Generating Synthetic Data or Simulated Data
I am new to RapidMiner but not new to data science. Synthetic data has its uses in developing data science solutions. I am looking for the best RapidMiner approach to simulate booking events, such as airline bookings. As an example consider a single flight, each day a certain number of passengers book or cancel for this flight. If the flight leaves say 3/1/2019, the bookings could start coming in about 60 days prior, say 1/1/2019 and continue booking through the days leading up to the flight. So I have 60 booking days and one flight. In principle this is easy to simulate, even in Excel.
Imagine now that I have a hundred flights and a 60 day booking window. With a page of Python/Pandas I can quickly create this synthetic data, with different booking characteristics for each of my flights depending on flight date, origin and destination, among other factors.
How should I conceptually get started with this in RapidMiner Studio? I can assure you I have rummaged through the nodes named "Generate" but I did not see an obvious and simple way to go about this. I am sure I must have missed something. This is where RapidMiner experts like you, dear Reader, can be very helpful. I am looking for some guidance, not a full solution. Many thanks.
Best Answer
-
SGolbert RapidMiner Certified Analyst, Member Posts: 344 Unicorn
Hi Omar,
there is a very simple way that's right on your hands: you can use the same Python scripts that you have been using.
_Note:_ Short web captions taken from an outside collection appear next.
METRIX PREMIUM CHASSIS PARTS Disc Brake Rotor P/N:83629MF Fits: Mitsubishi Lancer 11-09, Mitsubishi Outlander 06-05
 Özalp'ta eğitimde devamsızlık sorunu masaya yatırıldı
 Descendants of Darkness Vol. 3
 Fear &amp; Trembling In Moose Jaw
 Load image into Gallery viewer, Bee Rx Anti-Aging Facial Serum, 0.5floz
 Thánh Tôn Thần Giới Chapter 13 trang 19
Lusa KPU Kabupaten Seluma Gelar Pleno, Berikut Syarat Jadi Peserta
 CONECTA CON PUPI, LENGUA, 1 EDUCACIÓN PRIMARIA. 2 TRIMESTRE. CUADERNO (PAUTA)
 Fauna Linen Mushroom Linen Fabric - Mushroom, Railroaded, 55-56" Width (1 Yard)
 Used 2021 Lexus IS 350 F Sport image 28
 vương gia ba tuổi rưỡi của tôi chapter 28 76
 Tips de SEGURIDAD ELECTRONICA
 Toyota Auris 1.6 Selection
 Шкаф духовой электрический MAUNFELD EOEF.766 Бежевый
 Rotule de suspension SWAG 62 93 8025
You just need to install the Python scripting extension.
I avoid repeating myself or reinventing the wheel as much as I can, so I think that in your case it is also the "expert" solution.
Regards,
Sebastian
0
Answers
Thanks Sebastian. Of course that makes a lot of sense - using the encapsulated Python. I am able to do this, yes. I will explore the capabilities of the scripting extensions some more as well.